A Case of Black-on-Black Censorship of Art

Article excerpt

ROBERT Colescott likes to compare himself to Richard Pryor.

At first, you wonder what these men have in common, except they're both black.

Colescott is an internationally known artist, who studied in Paris. His work is in major museums from New York to San Francisco. His long list of honors includes two NEA grants and a Guggenheim fellowship.

But Colescott, like Pryor, has an outrageous sense of humor. His art hits hard at the establishment - black and white. His parodies can make whites uneasy and blacks angry.

Now Colescott has done it again. This time in St. Louis.

One of his paintings, on loan to the University of Missouri at St. Louis, has been yanked from display after complaints, mostly from blacks.

The university's Artwork Review Committee wrote a letter explaining why it should be taken down.

". . . We have received several compelling arguments for removing it from public display," the letter said, "based on the power the piece possesses to evoke negative and hurtful stereotypes of African Americans and of inter-racial relationships."

The letter had this stunning contradiction:

"From the feedback we have received, it is the consensus of the committee that despite the artistic and social importance of the piece, it serves little, if any, constructive educational function in its current context."

Colescott's artistic and socially important work was hustled off to a storeroom, where some 12,000 university students could not see it.

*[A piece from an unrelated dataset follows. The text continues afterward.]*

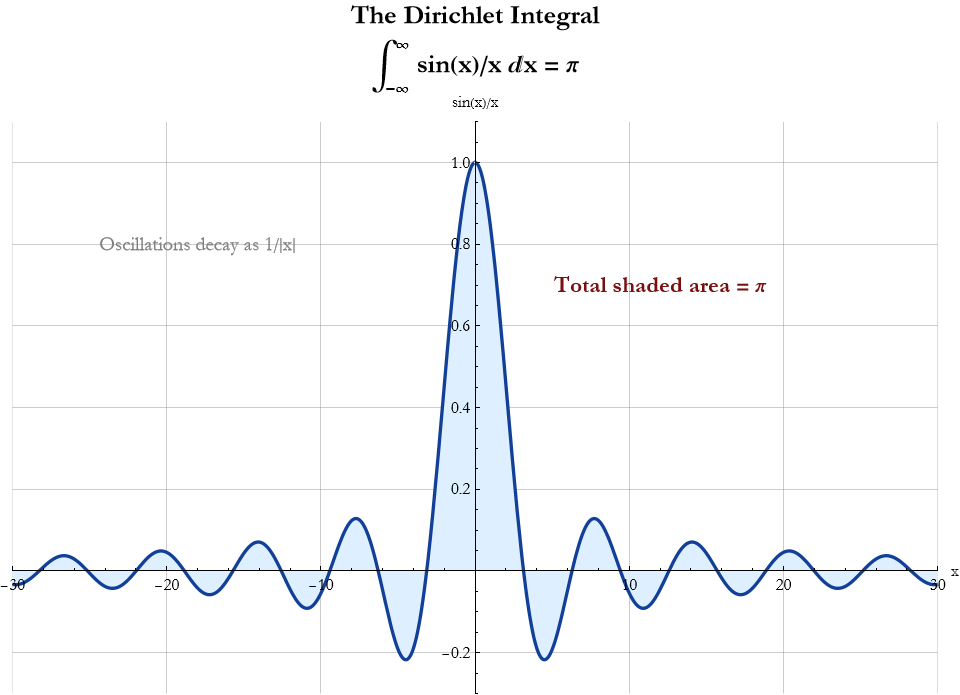 Graphics:&nbsp;&nbsp;&nbsp;&nbsp;&nbsp;&nbsp;&nbsp;&nbsp;&nbsp;&nbsp;&nbsp;&nbsp;&nbsp;&nbsp;&nbsp;&nbsp;&nbsp;&nbsp;&nbsp;&nbsp;&nbsp;&nbsp;&nbsp;&nbsp;&nbsp;&nbsp;&nbsp;&nbsp;&nbsp;&nbsp;&infin; The Dirichlet Integral\n &int;&nbsp;&nbsp;&nbsp;&nbsp;&nbsp;&nbsp;&nbsp;&nbsp;&nbsp;sin(x)/x x = &pi;&nbsp;&nbsp;&nbsp;&nbsp;&nbsp;&nbsp;&nbsp;&nbsp;&nbsp;&nbsp;&nbsp;&nbsp;&nbsp;&nbsp;&nbsp;&nbsp;&nbsp;&nbsp;&nbsp;&nbsp;&nbsp;&nbsp;&nbsp;&nbsp;&nbsp;&nbsp;&nbsp;&nbsp;&nbsp;&nbsp;&nbsp;-&infin;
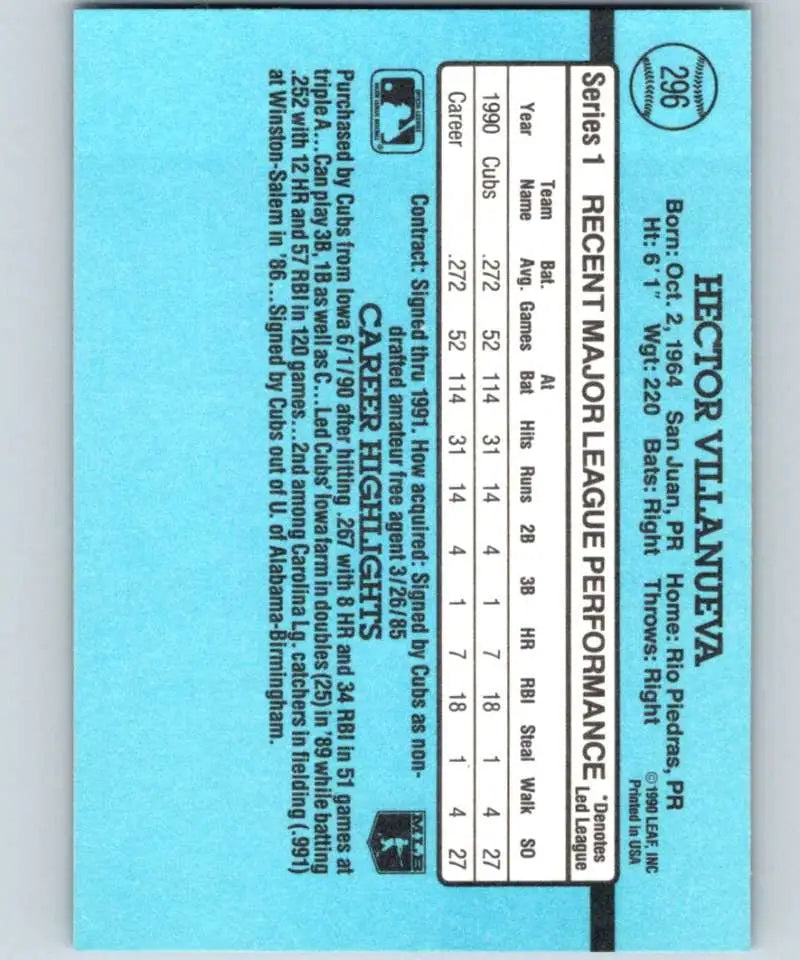 Light blue back of 1991 Donruss baseball card for Hector Villanueva, Chicago Cubs stats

The work is "Natural Rhythm: Thank You Jan van Eyck." It's a parody of the Flemish master's "Marriage of Arnolfini." Van Eyck's painting created a nasty rumor for centuries. The way the bride's dress is bunched in front, you wonder if she's pregnant. (She's not.)

In Colescott's version, there's no doubt. The beautiful bride is robustly pregnant. She's also black. The groom is white and wimpy.

"What?!" said Colescott, when I broke the news. "I did that 18 or 19 years ago. St. Louis must be behind the times."

Colescott was surprised this work would stir up trouble.

"It's actually a very pretty painting," he said. "It's a gentle nudge at art history. African-Americans have been ignored in Eurocentric art history.

"The title is a pun. We've all got rhythm, and there's also the rhythm method, which doesn't always work. That's why she's pregnant."

If anyone should complain, he said, it's white men.

"I made the groom even uglier than in the original. The young lady in question is not stereotyped at all. She's just a young lady with a black skin and black features."

For black Americans, image is a sensitive issue, Colescott said.

"Some African-Americans want the image dark, but not too dark. To please that group, I should make her a suntanned white woman. Then they'd be happy. But I'd offend the other group, who'd ask why she doesn't have more African features.

"I get this all the time," he said. "What happens is this:

"Some African-Americans see my painting and get upset. Then the curators get nervous. We don't want to upset black folks, because then we'd be racist, and we're not racist even though we belong to a white club and live in a white neighborhood. So if a black person complains, we must take it down because we are good liberals.

"But it's still censorship. It's up to the university to educate people about that painting. If they take me down, then they'll take down someone else for some other excuse."

The university says your work enforces "negative and hurtful stereotypes."

"If they want to talk about negative stereotypes, my dad was a stereotype. He was a waiter on the railroad. Now I am a painter, who studied with a master in Paris. Tell them to bring something to art - don't just react."